PARSER_END(EmbeddedLangTest)

Note that a similar problem held with the two different definitions of ParseException, so we have to catch and re-throw the sub-language parser exception.

Testing

Two final wrinkles show up in unit testing. Here's the first version of a unit test:

public void testParser0()
    throws ParseException
{
    String test =
        "let ?a <- select ?a where {?a dc:creator \"Ian Dickinson\"} ;"
    StringReader r = new StringReader( test );
    EmbeddedLangTest t = new EmbeddedLangTest( r );
    t.testEmbedded();
}

This test fails because the dc:creator predicate uses an undefined prefix.

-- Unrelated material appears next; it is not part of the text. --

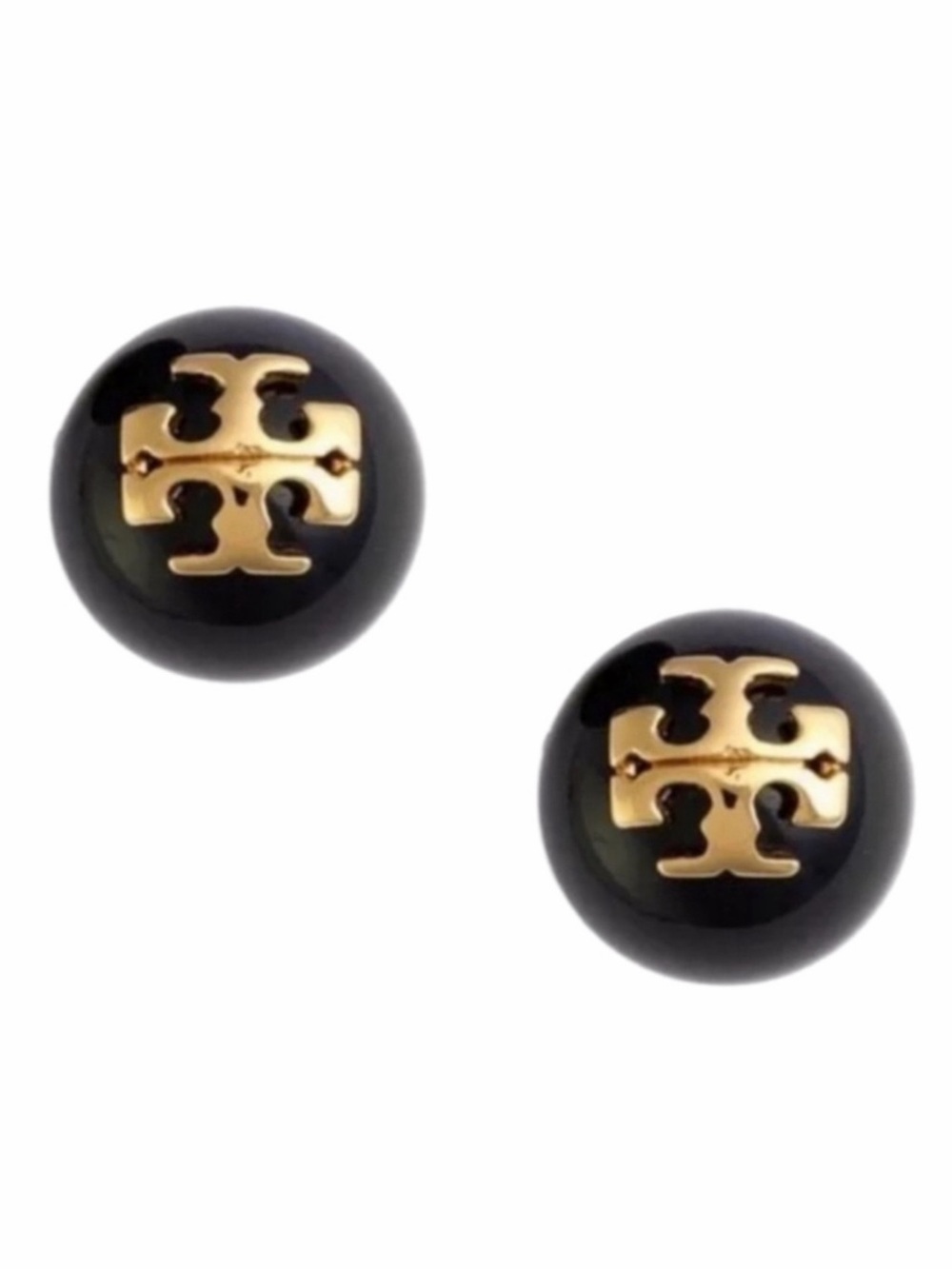 TORY BURCH • Black Pearl Evie Logo Earrings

We can fix the query source in the test:

public void testParser0()
    throws ParseException
{
    String test =
        "let ?a <- PREFIX dc: <http://purl.org/dc/elements/1.1/>" +
        " select ?a where {?a dc:creator \"Ian Dickinson\"} ;"
    StringReader r = new StringReader( test );
    EmbeddedLangTest t = new EmbeddedLangTest( r );
    t.testEmbedded();
}

However, while this works it looks a bit clunky. It would be nice if the language we're defining, which contains SPARQL as a sub-language, could have its own prefix defining mechanism. Fortunately, we can side effect the Query object to tell it about known prefixes before we start parsing. A greatly simplified version is shown in the example code below, and tested in the second unit test.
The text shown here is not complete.